携帯できない携帯電話
(雑感からの転載です)
携帯電話が、水に浸かって壊れたという話、よく耳にします。
水に浸かると言っても、沖縄の海に潜ったというような話ではありません。
雨に降られるとか、洗面台に落としたとか、その程度のことです。
あるいは、汗に濡れただけでも壊れてしまいます。
そういう時、携帯電話のサービス窓口に持ち込むと、「水濡れ判定シールが反応している」とか言って、修理を受け付けてくれません。
買って短期間しか経過していないために、新規契約時の値段とは比べ物にならないほどの端末購入費用を請求されるのです。

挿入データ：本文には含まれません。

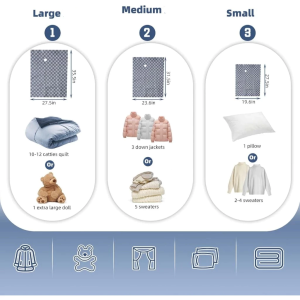 Thickened Oxford cloth Vacuum Seal Bags for Clothing Travel w/Wireless Pump Space Saver Vacuum Storage Organizer Bag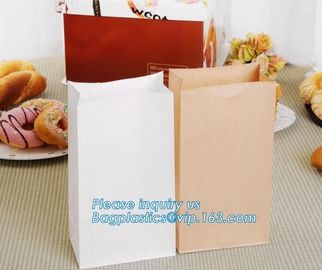 Bread Kraft Paper Bag Square Bottom Bag Takeaway food Packing Bag,Recyclable sandwich bread food packaging brown paper b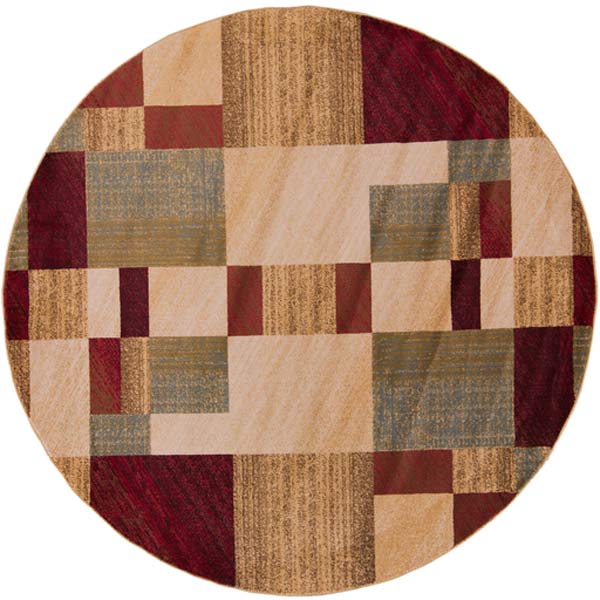 Surya Rugs - Riley Red, Brown Area Rug - RLY5006 - 8' Round - GreatFurnitureDeal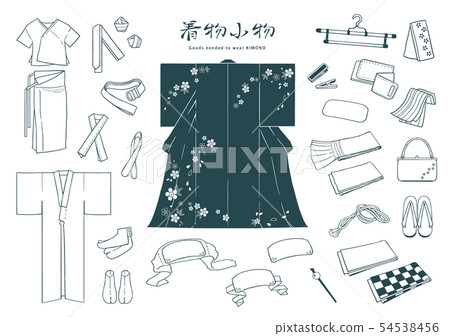 Hand-drawn material set of kimono related items (small items required for dressing) Hand-drawn material set of kimono related items (small items required for dressing) 54538456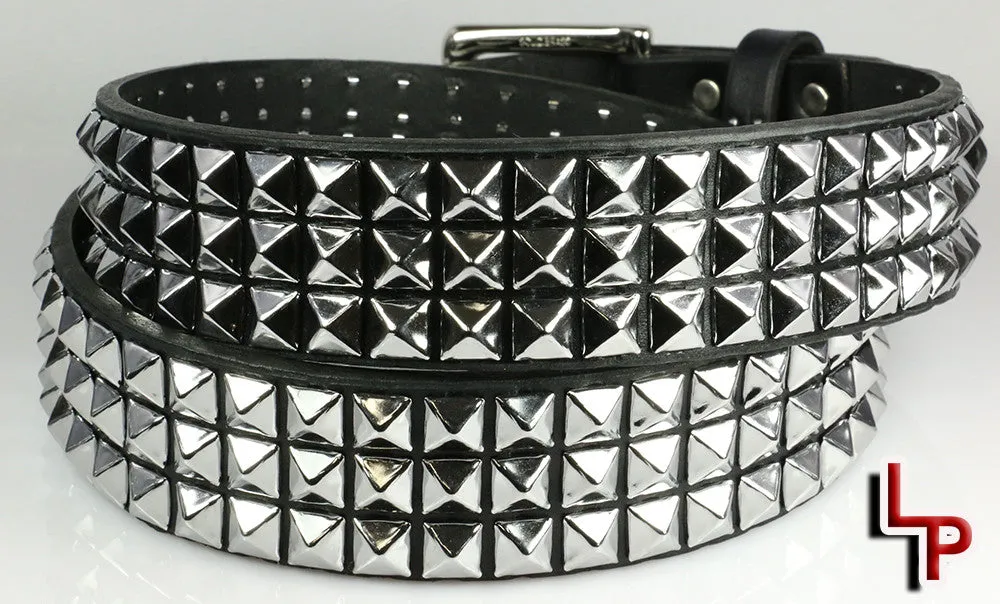 Classic 3 Row Pyramid Studded Leather Belt, 1.5" Removable Buckle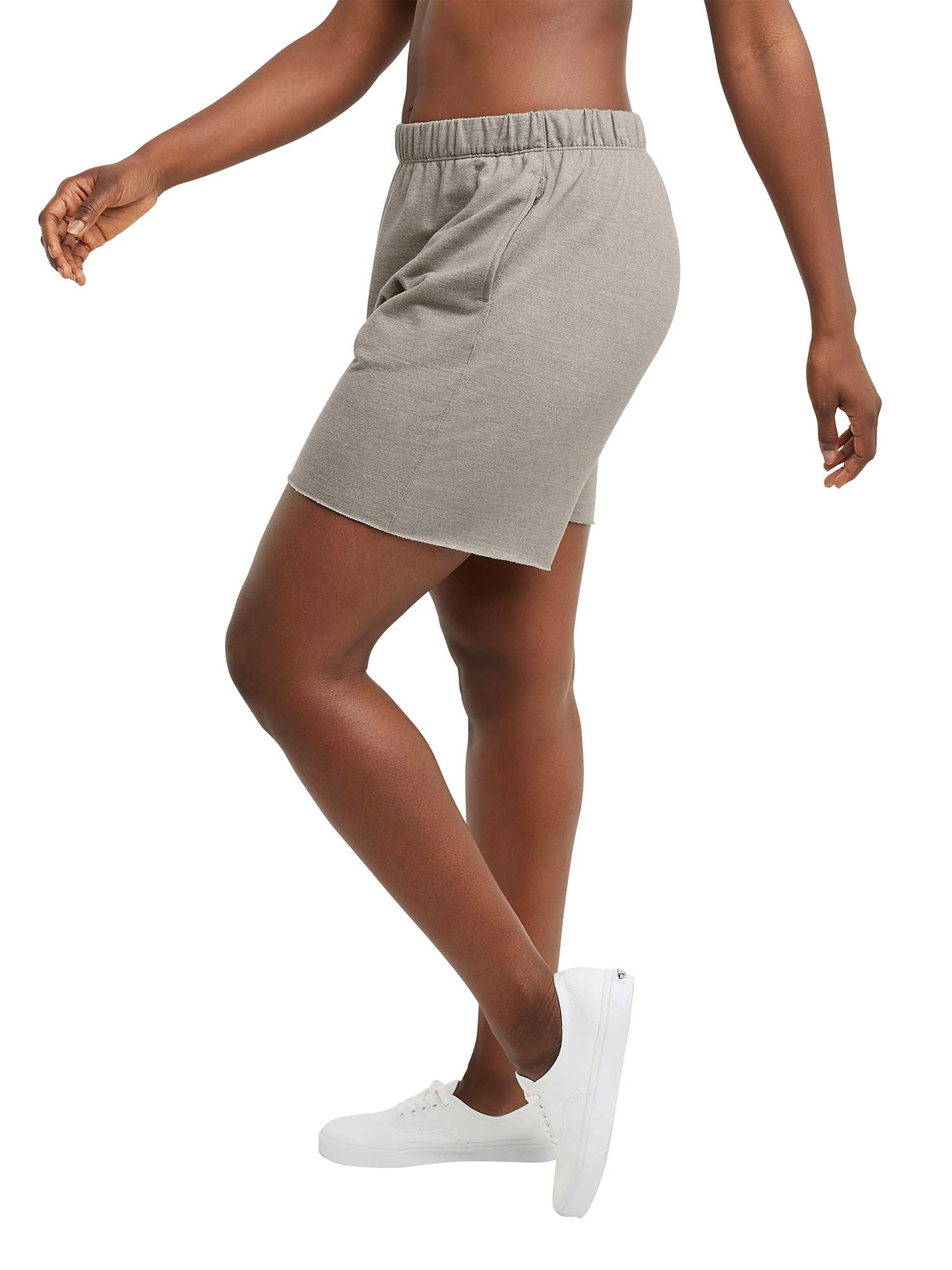 Hanes Originals Womens French Terry Raw Edge Shorts, 5" Inseam, Sizes XS-XXL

国民生活センターは、1999年9月に『携帯電話機の「水濡れ」にご注意!』と題する記者発表資料を公開しています。
水に濡らした覚えが無いのに、水没と決め付けられ、修理を拒まれる相談が多いことから、通常の使用状況でありうる「水濡れ」の故障が起きるかどうかを調べ、注意を呼びかけたものです。
これによると、携帯電話端末を汗で湿ったポケットに入れるシチュエーションを作り、何回も携帯するテストを繰り返したところ、テストの終了時にはすべての機種で水没判定シールが反応し、半数の機種は使用不能になったそうです。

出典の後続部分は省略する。